Exercise requirements: Beginning with the line that holds "Men's Jurassic Park T-Rex Portrait Tank Top", copy each line exactly through the end of the entries, but leave the pictures out.

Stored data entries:
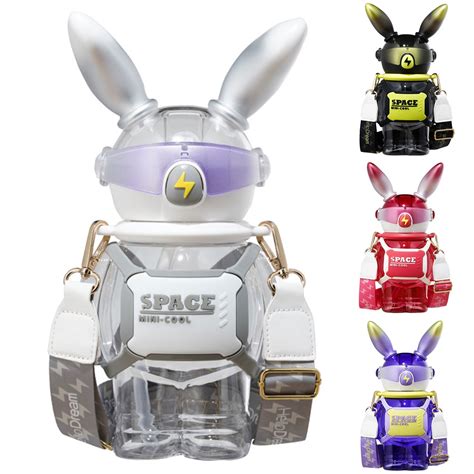 HomeCozy 1100ml Straw Bottle High Capacity Leak-proof Transparent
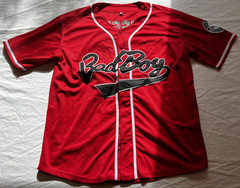 Bad Boy Entertainment Biggie Smalls Jersey Men’s L Red 20th Anniversary Baseball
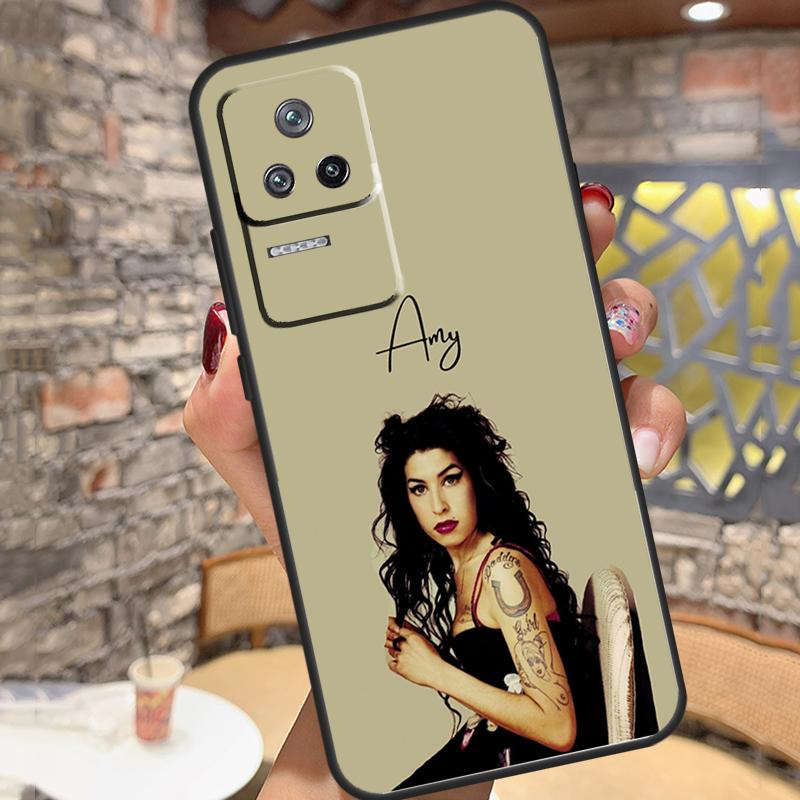 Amy Winehouse Case For Xiaomi 13 14 15 Ultra 11T 12T 13T 14T Pro POCO X7 Pro X3 X5 X6 M6 F5 F6 Pro Cover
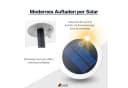 Schwaiger LED Außen-Stehlampe 658262 mit Solarmodul & RGB-Farbwechsel Bild 4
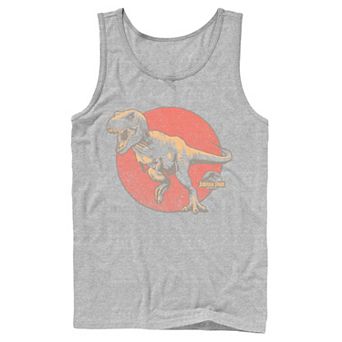 Men's Jurassic Park T-Rex Portrait Tank Top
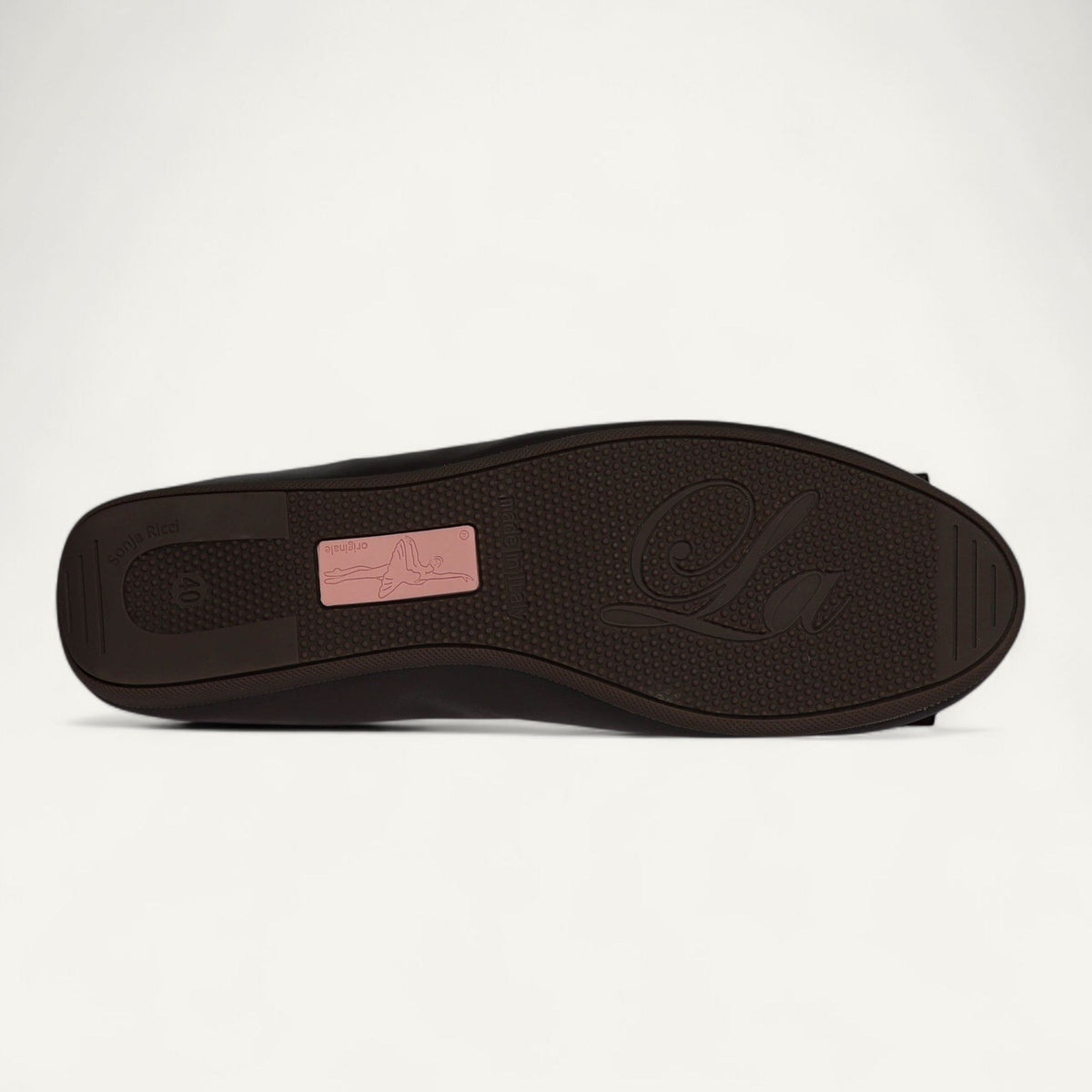 CAMBIO ballet flats in dark brown nappa leather – size 40 – Outsole
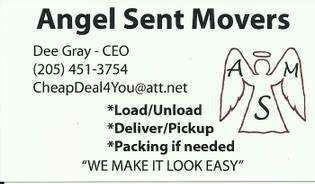 Angel Sent Movers logo
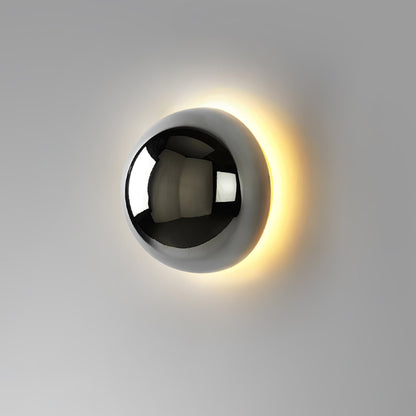 Aurum Sphere Wall Sconce | Glossy Gold Metal | Set of 2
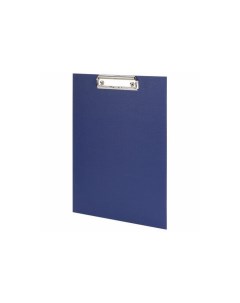 Доска планшет с прижимом А4 225х316 мм картон бумвинил РОССИЯ синяя 5 шт Staff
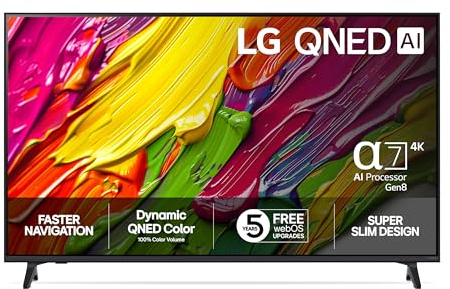 LG 65 QNED 70 4K TV (2025) – QNED-teknologi, Smart TV, HDR, Dolby Atmos, 3 HDMI, WiFi, Bluetooth, 3 års garanti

Reply to the exercise:
 Men's Jurassic Park T-Rex Portrait Tank Top
 CAMBIO ballet flats in dark brown nappa leather – size 40 – Outsole
 Angel Sent Movers logo
 Aurum Sphere Wall Sconce | Glossy Gold Metal | Set of 2
 Доска планшет с прижимом А4 225х316 мм картон бумвинил РОССИЯ синяя 5 шт Staff
 LG 65 QNED 70 4K TV (2025) – QNED-teknologi, Smart TV, HDR, Dolby Atmos, 3 HDMI, WiFi, Bluetooth, 3 års garanti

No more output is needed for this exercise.